▶ [WHAT THE TASK ASKS] What you return must be the exact lines of the material below, from the first through the one that has "ヘラクレスオオカブト 幼虫 90g 94g 102g 3匹", with no pictures and, please, nothing else.

▶ [EXTRACTED DATA]
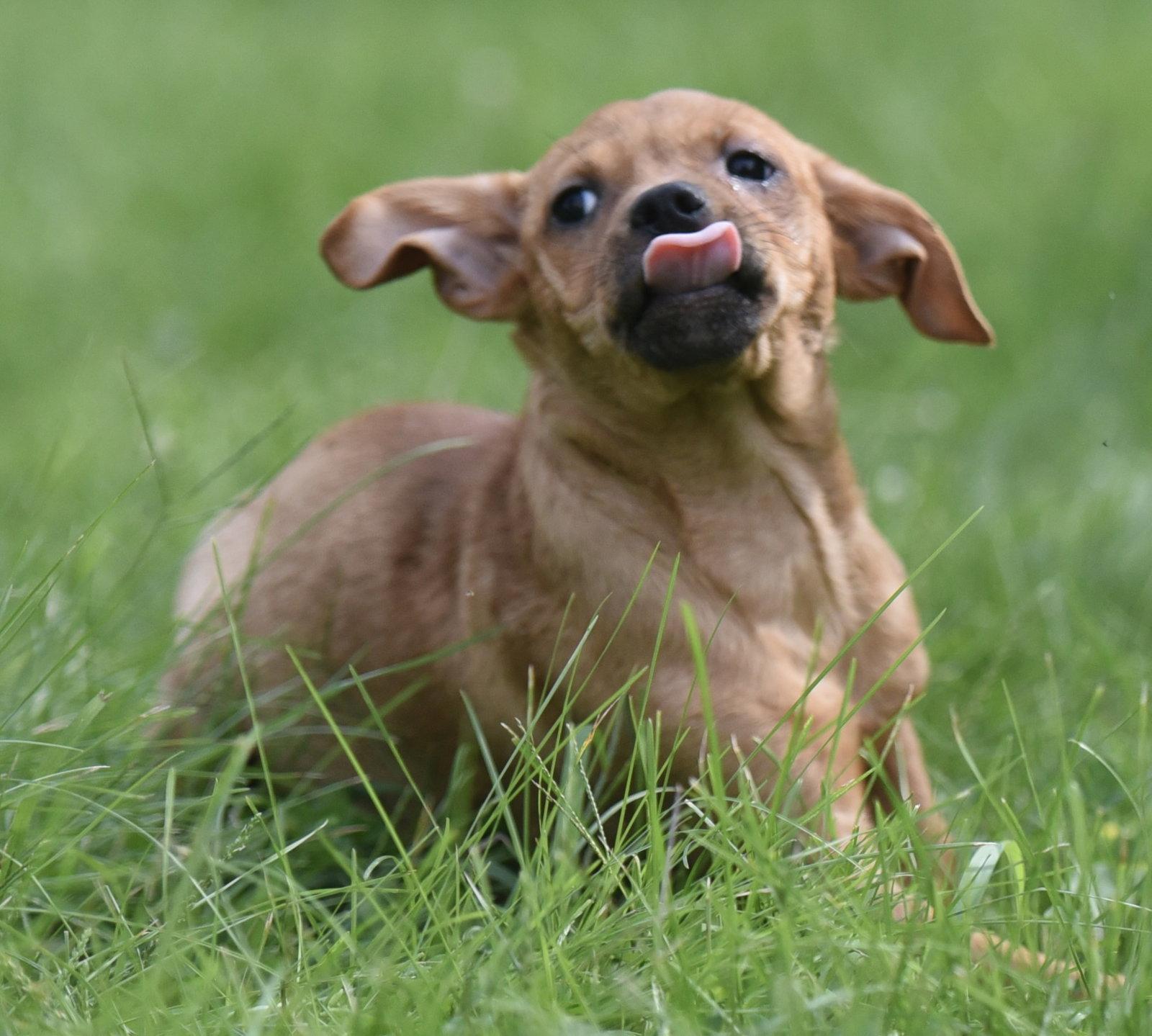 Enlarge Nyla, a Adopted mixed breed in Mechanicsburg, PA image 3/3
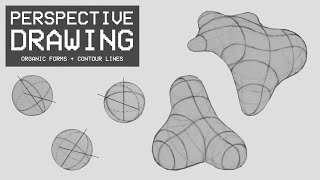 Perspective Drawing 21 - Organic Forms and Contour Lines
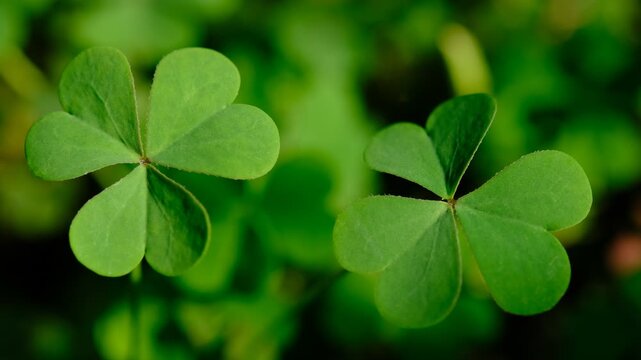 Green clover leaf isolated on dark background. with three-leaved shamrocks. St. Patrick's day holiday symbol.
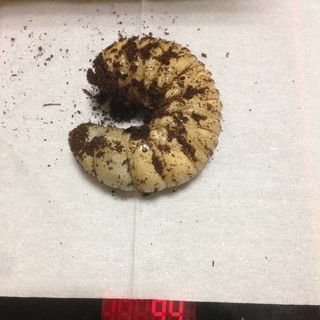 ヘラクレスオオカブト 幼虫 90g 94g 102g 3匹
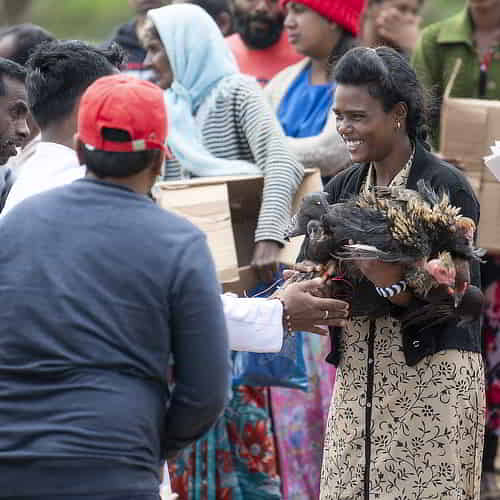 Woman in poveWoman in poverty received income generating gifts of chickens through GFA Worldrty received income generating gifts of chickens through GFA World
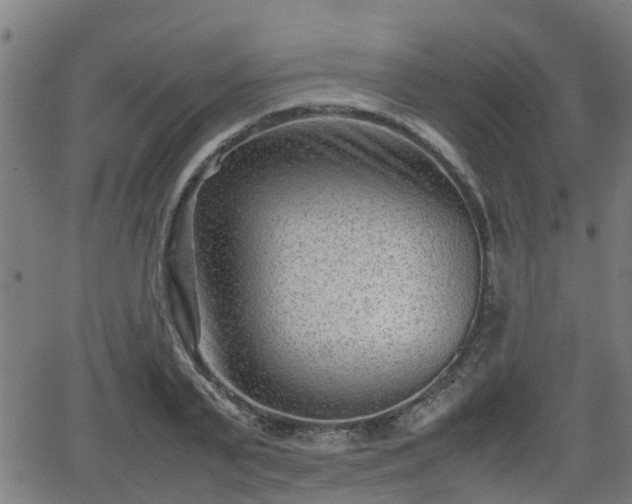 X0000062130791200512161150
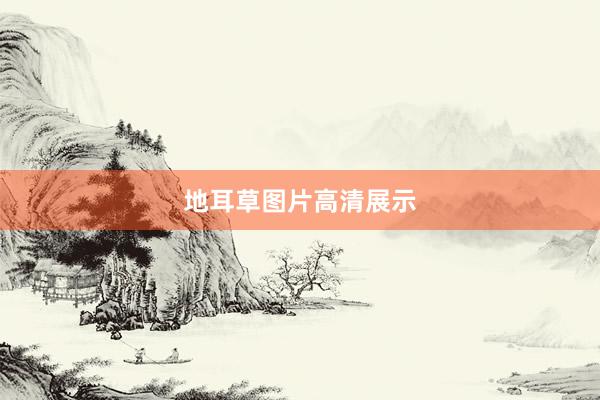 地耳草图片高清展示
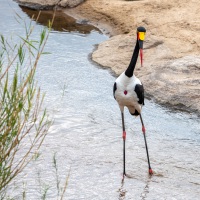 Sattelstorch, Balule Private Game Reserve, Krüger Nationalpark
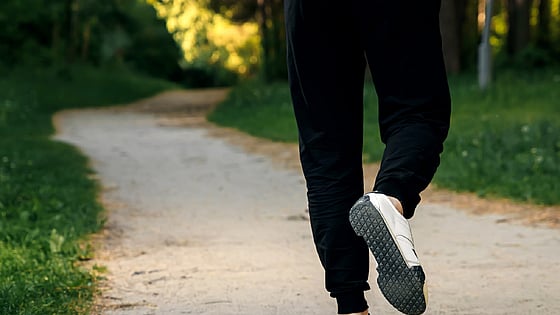 Person som jobbar i en skog. Foto:Mostphotos
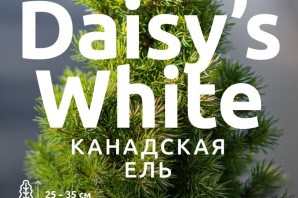 Ель дейзи вайт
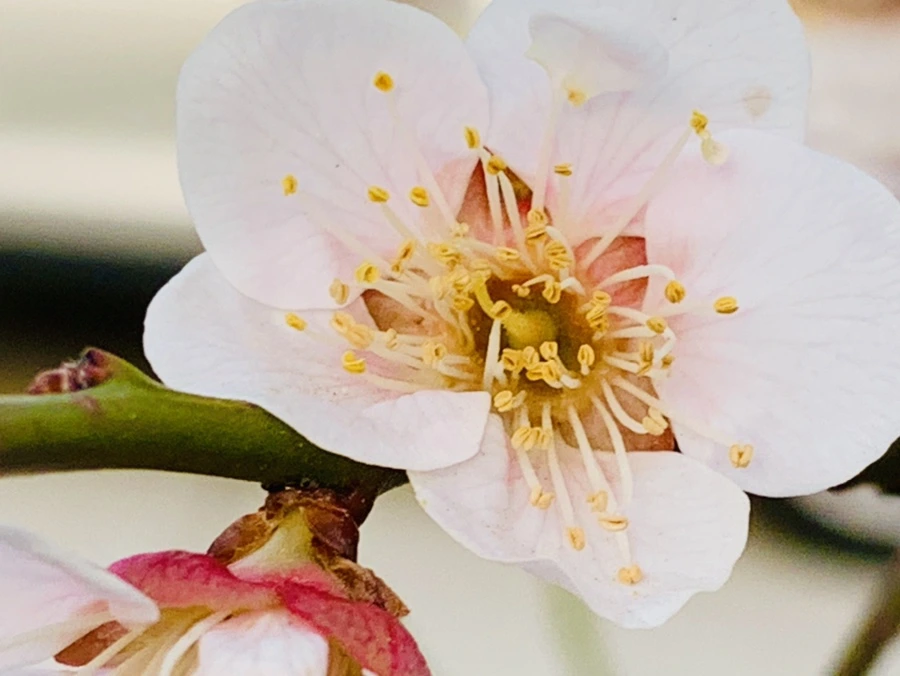 IMG_2782.jpg?type=w966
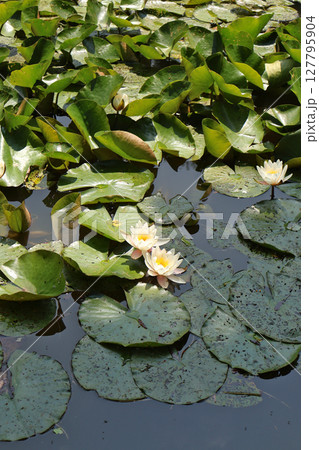 Beautiful Pond with Water Lilies and Green Leaves in Tranquil Setting 127795904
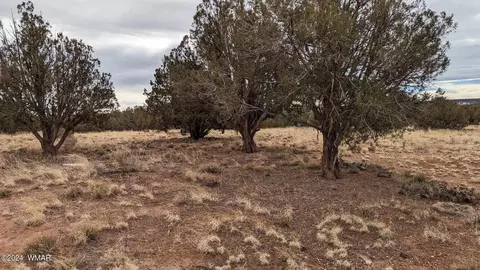 4457 4451 Pinto Rd, Snowflake, AZ 85937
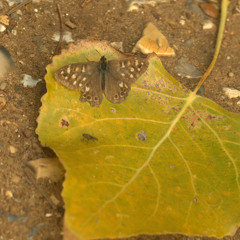 Ancient Wings from the Printing Stone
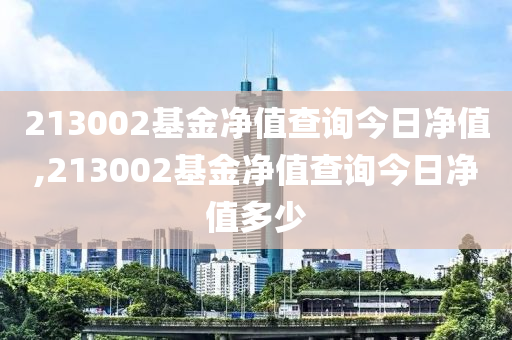 213002基金凈值查詢今日凈值,213002基金凈值查詢今日凈值多少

▶ [TASK SOLUTION]
 Enlarge Nyla, a Adopted mixed breed in Mechanicsburg, PA image 3/3
 Perspective Drawing 21 - Organic Forms and Contour Lines
 Green clover leaf isolated on dark background. with three-leaved shamrocks. St. Patrick's day holiday symbol.
 ヘラクレスオオカブト 幼虫 90g 94g 102g 3匹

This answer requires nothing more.